<?xml version="1.0" encoding="utf-8" ?>

<j:jelly trim="false" xmlns:j="jelly:core" xmlns:g="glide" xmlns:j2="null" xmlns:g2="null">

<g:evaluate var="jvar_asc_client_list">

  var gr = new GlideRecordSecure ('table');

  var tableData = "<td>";

  gr.addQuery ('active', true);

  gr.addQuery ('reference.sys_id', reference);

  gr.addQuery ('another field', true);

  gr.query();

  while (gr.next())

  {

  tableData += "<tr>" + gr.name + "</tr>";

  }

  tableData += "</td>";

  tableData;

</g:evaluate>

<g:no_escape>${jvar_asc_client_list}</g:no_escape>

</j:jelly>

Note that I changed some of the fields as the data in question is confidential.

Thanks

Check that series of queries (ah, poetry.) You shouldn't need to dot walk to a sys_id (especially in the field name) as a reference field is already a sys_id.
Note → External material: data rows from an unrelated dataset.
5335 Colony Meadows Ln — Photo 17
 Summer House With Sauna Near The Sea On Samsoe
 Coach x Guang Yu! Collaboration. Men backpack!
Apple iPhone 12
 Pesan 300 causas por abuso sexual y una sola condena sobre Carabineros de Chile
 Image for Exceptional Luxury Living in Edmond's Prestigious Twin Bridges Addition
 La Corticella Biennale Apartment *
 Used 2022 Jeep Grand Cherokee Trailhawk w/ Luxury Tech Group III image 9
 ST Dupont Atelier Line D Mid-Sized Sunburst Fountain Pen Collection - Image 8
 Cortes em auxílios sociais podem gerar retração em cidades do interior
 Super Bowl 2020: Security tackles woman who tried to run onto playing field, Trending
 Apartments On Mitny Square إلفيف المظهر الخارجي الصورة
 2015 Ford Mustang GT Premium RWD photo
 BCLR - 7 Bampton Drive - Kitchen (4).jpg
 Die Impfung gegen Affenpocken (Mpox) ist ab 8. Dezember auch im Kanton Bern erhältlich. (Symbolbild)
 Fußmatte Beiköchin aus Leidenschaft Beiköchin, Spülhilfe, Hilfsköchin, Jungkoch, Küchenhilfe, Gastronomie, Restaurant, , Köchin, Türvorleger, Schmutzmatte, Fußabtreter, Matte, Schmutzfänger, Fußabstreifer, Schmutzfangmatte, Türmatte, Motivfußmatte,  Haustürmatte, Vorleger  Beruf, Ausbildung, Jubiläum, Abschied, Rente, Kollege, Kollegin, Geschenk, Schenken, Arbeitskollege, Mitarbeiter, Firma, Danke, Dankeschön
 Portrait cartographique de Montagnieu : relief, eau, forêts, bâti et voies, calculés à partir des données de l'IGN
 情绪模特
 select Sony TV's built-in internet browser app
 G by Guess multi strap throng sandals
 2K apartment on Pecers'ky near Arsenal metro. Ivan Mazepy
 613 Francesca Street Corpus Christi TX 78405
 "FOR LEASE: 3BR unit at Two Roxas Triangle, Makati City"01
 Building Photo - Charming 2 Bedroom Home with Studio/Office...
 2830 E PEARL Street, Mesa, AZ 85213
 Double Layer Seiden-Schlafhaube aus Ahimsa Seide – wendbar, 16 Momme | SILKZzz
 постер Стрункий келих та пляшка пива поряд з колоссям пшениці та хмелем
The fact that it shows the right fields to the elevated user indicates the queries should be working. If it's an ACL issue, turn on security debugging (System Diagnostics> Debug Security) and then test your macro to see if you can isolate which ACLs may be causing the issue.

The problem is that the restricted user has role A.   The enhanced user has roles B, C, and D.   The table already deals with ASCs for roles B, C, and D.

Obviously the fix would be to use an ACL to role A to open it up to the table.   But that has not worked.

For some reason, ACL logging is not working on the restricted user.

Just to double check, you enabled debugging then impersonated the user, right? If you logging out and logging back in, that disables/turns off debugging. It remains persistent through an impersonation.